Forgot to mention that this co-worker is a Steelers fan, as are the rest of the people I’ll be attending with. Why God chose to taunt me by constantly putting me around Steeler fans is beyond me. I’m still bitter about the J-E-T-S, Jets, Jets, Jets playoff loss in 2004 and half of my friends that I talk football with are now Steeler fans. I don’t know how this is possible since I’ve never been within 200 miles of Pittsburgh.
I will say this though, I do respect Steeler fans. I’d say 35% of the crowd was wearing black and yellow and Redskins fans are pretty hardcore. Just a tremendous fan base that is destined to piss me off.
At least this co-worker is one of the few females who can actually talk football with. There’s one in my office who considers herself a die-hard Broncos fan who asked me “How many cornerbacks do teams have?” (This did lead to my favorite quote of the off-season. I told her that they picked up Dre Bly and she asked me why since they already have Champ Bailey. Without hesitation, I replied, “Because your other one was killed in a drive by shooting.” I still don’t know if I should feel guilty about that quote.)

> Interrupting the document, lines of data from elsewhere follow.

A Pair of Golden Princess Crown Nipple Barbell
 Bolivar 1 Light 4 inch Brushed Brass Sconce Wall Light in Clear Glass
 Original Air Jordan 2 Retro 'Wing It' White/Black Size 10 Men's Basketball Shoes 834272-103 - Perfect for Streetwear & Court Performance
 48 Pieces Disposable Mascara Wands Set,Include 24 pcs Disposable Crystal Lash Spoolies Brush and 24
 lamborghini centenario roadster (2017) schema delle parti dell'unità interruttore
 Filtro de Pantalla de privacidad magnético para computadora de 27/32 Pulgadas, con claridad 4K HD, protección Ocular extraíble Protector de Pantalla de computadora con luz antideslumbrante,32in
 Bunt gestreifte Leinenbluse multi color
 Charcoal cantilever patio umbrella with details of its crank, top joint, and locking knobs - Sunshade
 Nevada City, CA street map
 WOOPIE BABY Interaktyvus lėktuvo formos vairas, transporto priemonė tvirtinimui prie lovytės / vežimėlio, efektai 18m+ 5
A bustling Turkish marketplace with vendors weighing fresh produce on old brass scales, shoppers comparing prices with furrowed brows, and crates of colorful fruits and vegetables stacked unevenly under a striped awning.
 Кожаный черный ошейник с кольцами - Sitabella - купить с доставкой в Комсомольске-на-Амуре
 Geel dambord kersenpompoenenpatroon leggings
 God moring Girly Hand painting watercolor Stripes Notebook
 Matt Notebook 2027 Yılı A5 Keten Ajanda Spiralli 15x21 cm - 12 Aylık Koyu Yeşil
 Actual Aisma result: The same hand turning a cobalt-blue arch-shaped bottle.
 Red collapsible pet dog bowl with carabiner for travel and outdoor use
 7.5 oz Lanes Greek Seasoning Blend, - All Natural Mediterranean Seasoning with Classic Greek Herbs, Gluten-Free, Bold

Of course, it wouldn’t be like me to just have seats fall into my lap. No, these seats had to be awful, even though we were in the lower level. It was in the last 10 rows of the lower level, so the upper level was overhanging us. I could not see the scoreboard without moving my head three feet. Added onto that was the fact that there was a pole directly in front of us. I couldn’t see one of the end zones. I thought they did away with those things in modern stadiums. This isn’t the old Boston Garden.
Despite my awful luck again, I wasn’t too upset. The one thing about preseason games is that there is absolutely no urgency. I was just there to drink beers and watch football. It could have been a high school game for all I cared.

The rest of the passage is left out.